▸ WORKING DATA:

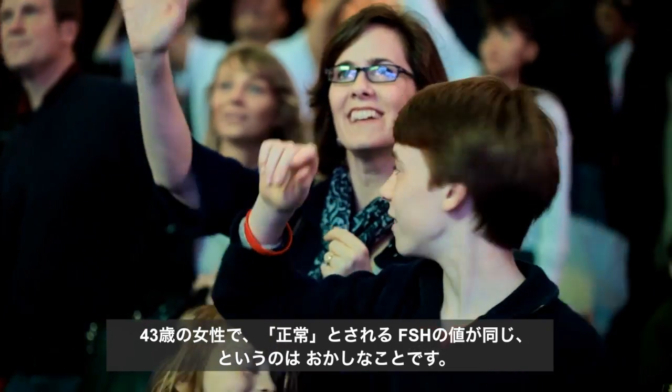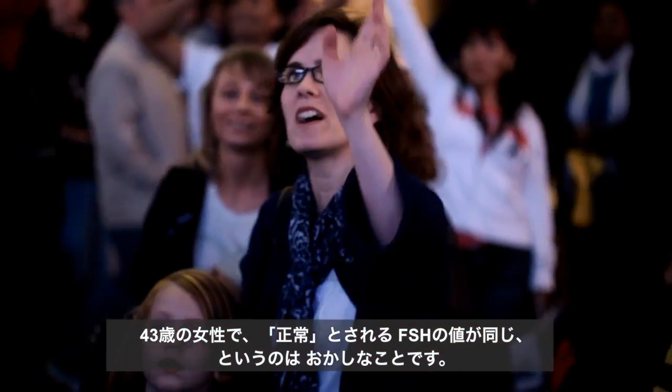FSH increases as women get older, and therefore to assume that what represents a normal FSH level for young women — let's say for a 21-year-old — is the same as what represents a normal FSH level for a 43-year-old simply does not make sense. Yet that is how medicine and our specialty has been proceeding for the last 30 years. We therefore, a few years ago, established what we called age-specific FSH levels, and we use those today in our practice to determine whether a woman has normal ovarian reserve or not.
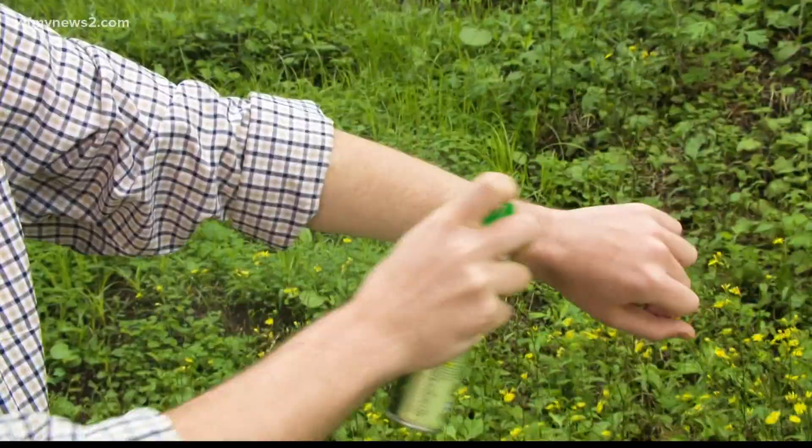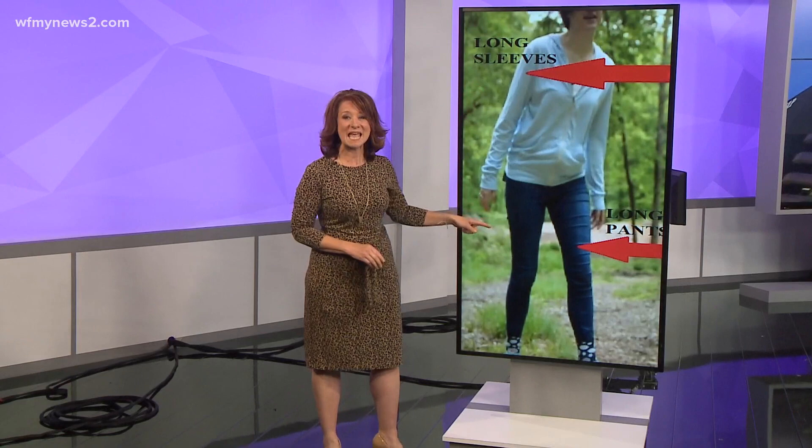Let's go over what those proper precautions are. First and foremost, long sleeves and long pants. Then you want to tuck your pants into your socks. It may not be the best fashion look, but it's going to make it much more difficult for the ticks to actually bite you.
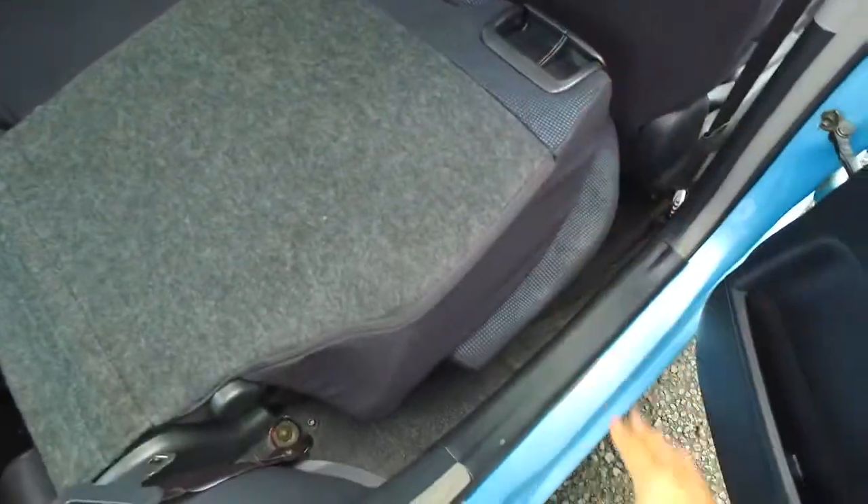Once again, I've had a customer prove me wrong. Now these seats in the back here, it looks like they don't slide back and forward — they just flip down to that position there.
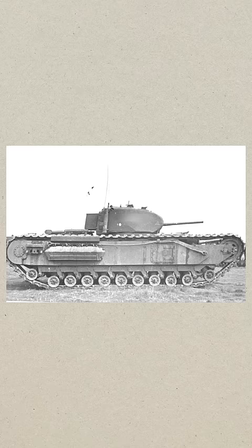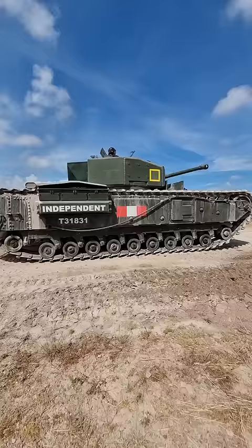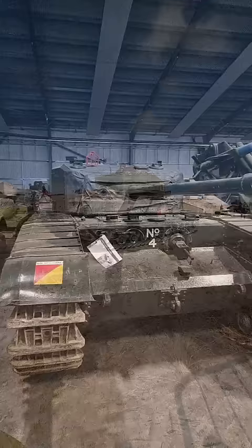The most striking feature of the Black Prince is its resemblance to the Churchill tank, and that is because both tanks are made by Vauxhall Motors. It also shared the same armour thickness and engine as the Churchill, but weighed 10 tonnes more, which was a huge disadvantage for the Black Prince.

==

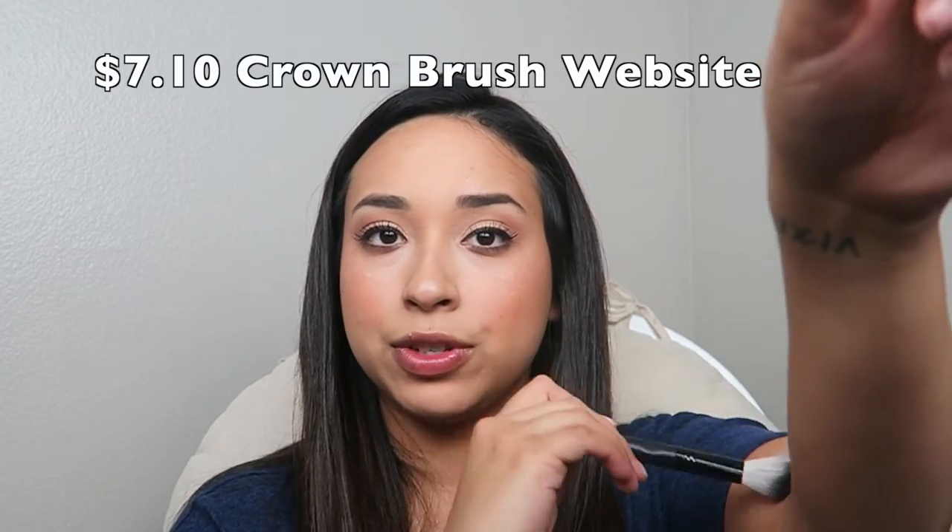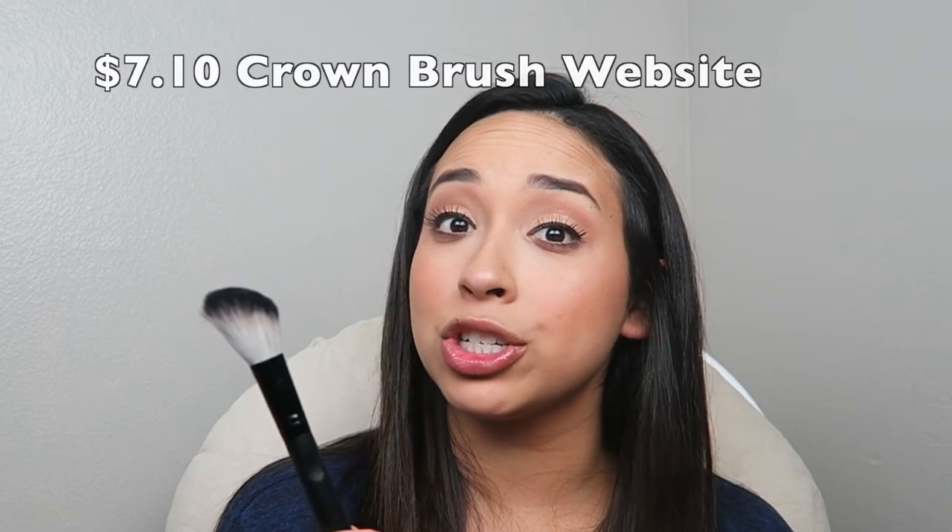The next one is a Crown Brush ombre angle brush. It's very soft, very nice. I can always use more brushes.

---

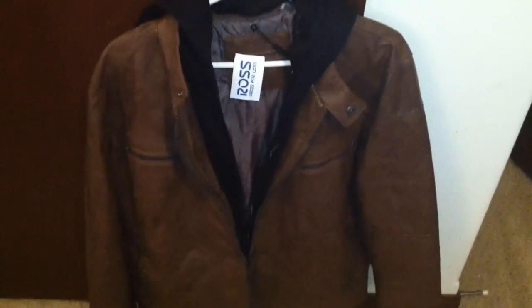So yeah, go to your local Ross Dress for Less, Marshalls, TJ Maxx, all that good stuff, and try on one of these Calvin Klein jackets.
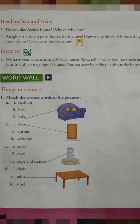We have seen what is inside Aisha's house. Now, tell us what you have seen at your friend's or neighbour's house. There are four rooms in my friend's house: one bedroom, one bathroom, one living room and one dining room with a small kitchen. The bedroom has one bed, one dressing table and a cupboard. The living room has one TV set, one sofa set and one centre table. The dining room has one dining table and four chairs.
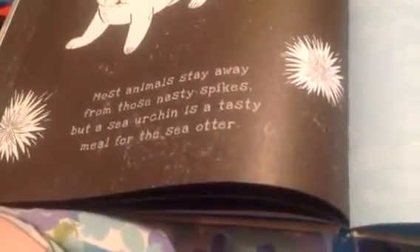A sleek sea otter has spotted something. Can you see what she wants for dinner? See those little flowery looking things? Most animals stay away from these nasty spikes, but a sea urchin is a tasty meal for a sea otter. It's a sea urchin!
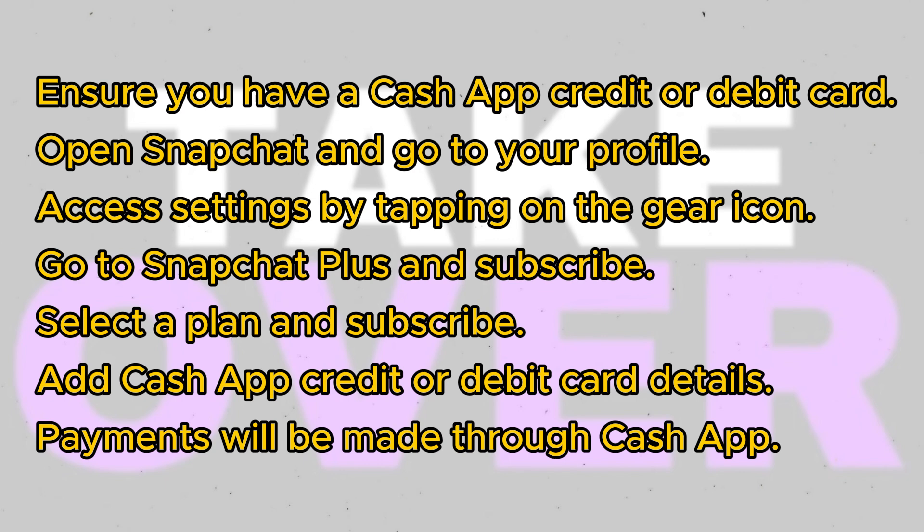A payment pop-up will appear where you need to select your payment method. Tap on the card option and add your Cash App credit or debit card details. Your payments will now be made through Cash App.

▸ WHAT YOU HAVE TO DO: Look above for the line with "FSH increases as"; quote it and every line after it, stopping after the line with "The most striking", exactly, with nothing added and without pictures.

▸ SOLUTION:
FSH increases as women get older, and therefore to assume that what represents a normal FSH level for young women — let's say for a 21-year-old — is the same as what represents a normal FSH level for a 43-year-old simply does not make sense. Yet that is how medicine and our specialty has been proceeding for the last 30 years. We therefore, a few years ago, established what we called age-specific FSH levels, and we use those today in our practice to determine whether a woman has normal ovarian reserve or not.
Let's go over what those proper precautions are. First and foremost, long sleeves and long pants. Then you want to tuck your pants into your socks. It may not be the best fashion look, but it's going to make it much more difficult for the ticks to actually bite you.
Once again, I've had a customer prove me wrong. Now these seats in the back here, it looks like they don't slide back and forward — they just flip down to that position there.
The most striking feature of the Black Prince is its resemblance to the Churchill tank, and that is because both tanks are made by Vauxhall Motors. It also shared the same armour thickness and engine as the Churchill, but weighed 10 tonnes more, which was a huge disadvantage for the Black Prince.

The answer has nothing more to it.